----- EXCERPTED DATA

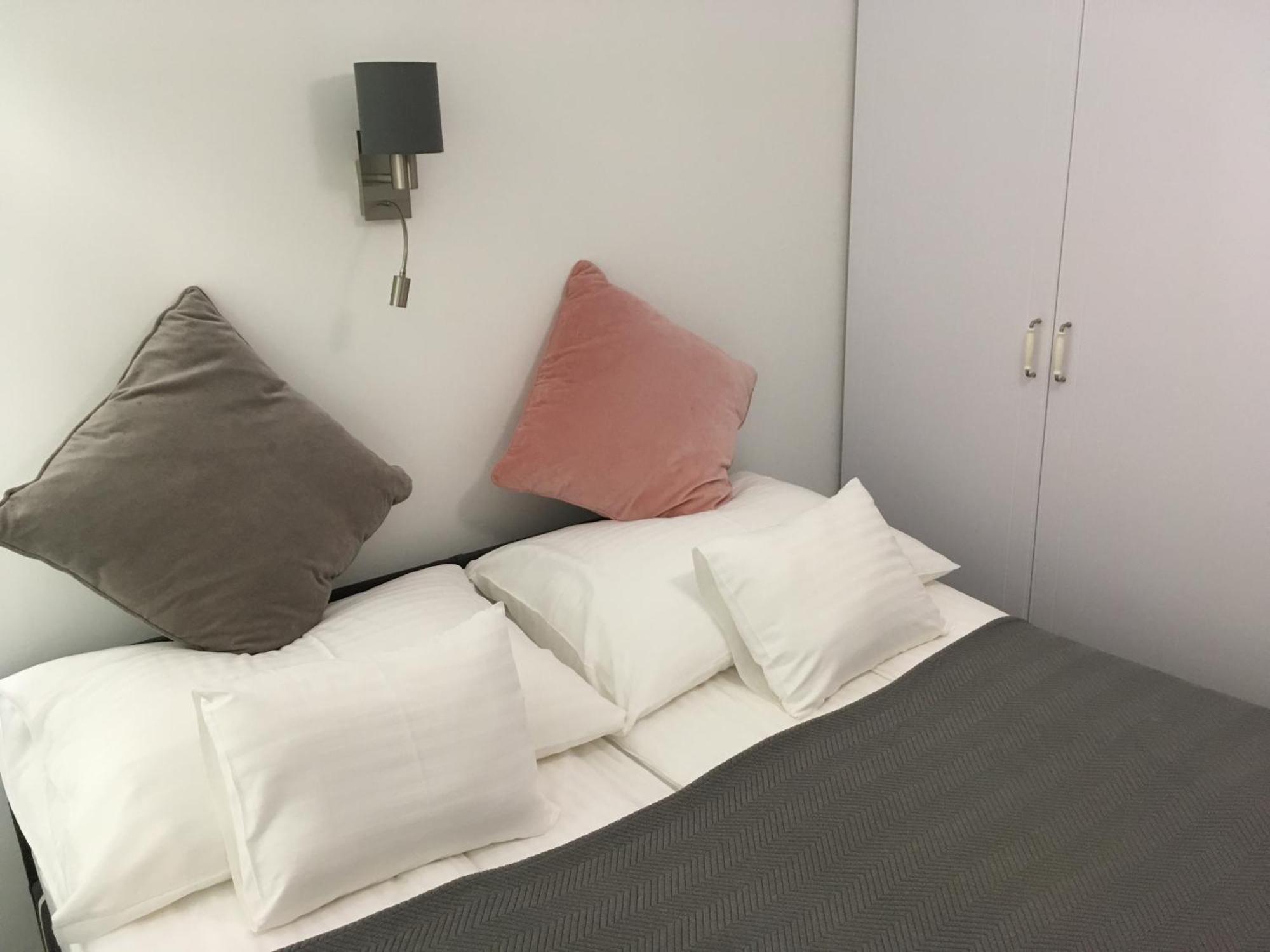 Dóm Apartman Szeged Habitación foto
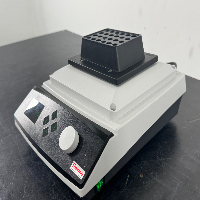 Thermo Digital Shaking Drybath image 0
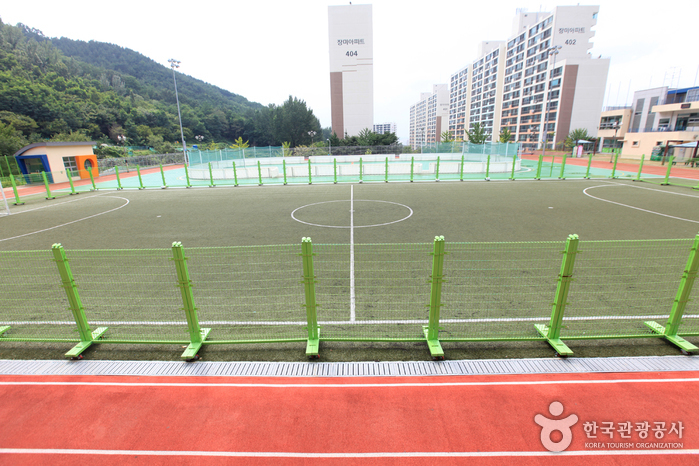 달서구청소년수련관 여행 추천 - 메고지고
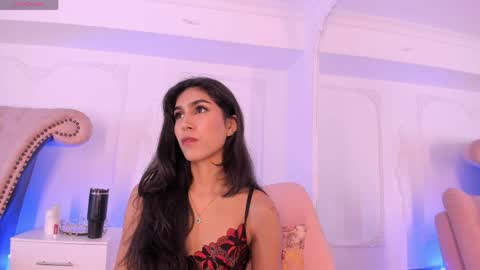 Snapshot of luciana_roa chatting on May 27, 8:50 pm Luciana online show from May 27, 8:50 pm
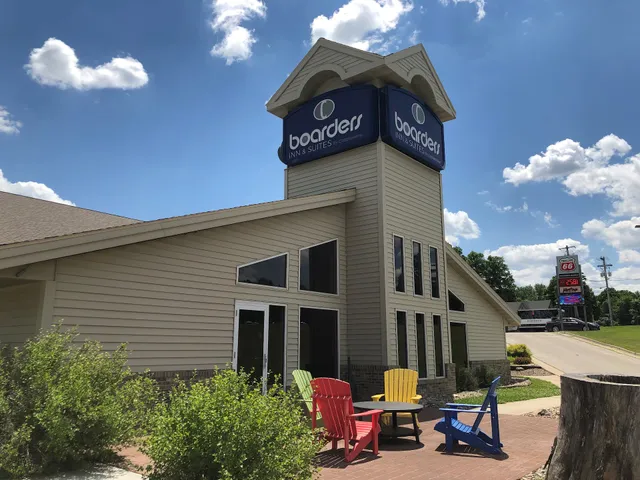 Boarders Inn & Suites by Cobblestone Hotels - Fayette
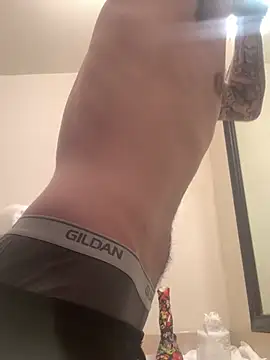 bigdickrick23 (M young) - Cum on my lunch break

----------

### TASK STATEMENT
Give back exactly the lines from the line with "Snapshot of luciana_roa" through the final line of the entries above, and keep pictures out of the copy.

### ANSWER BOX
 Snapshot of luciana_roa chatting on May 27, 8:50 pm Luciana online show from May 27, 8:50 pm
 Boarders Inn & Suites by Cobblestone Hotels - Fayette
 bigdickrick23 (M young) - Cum on my lunch break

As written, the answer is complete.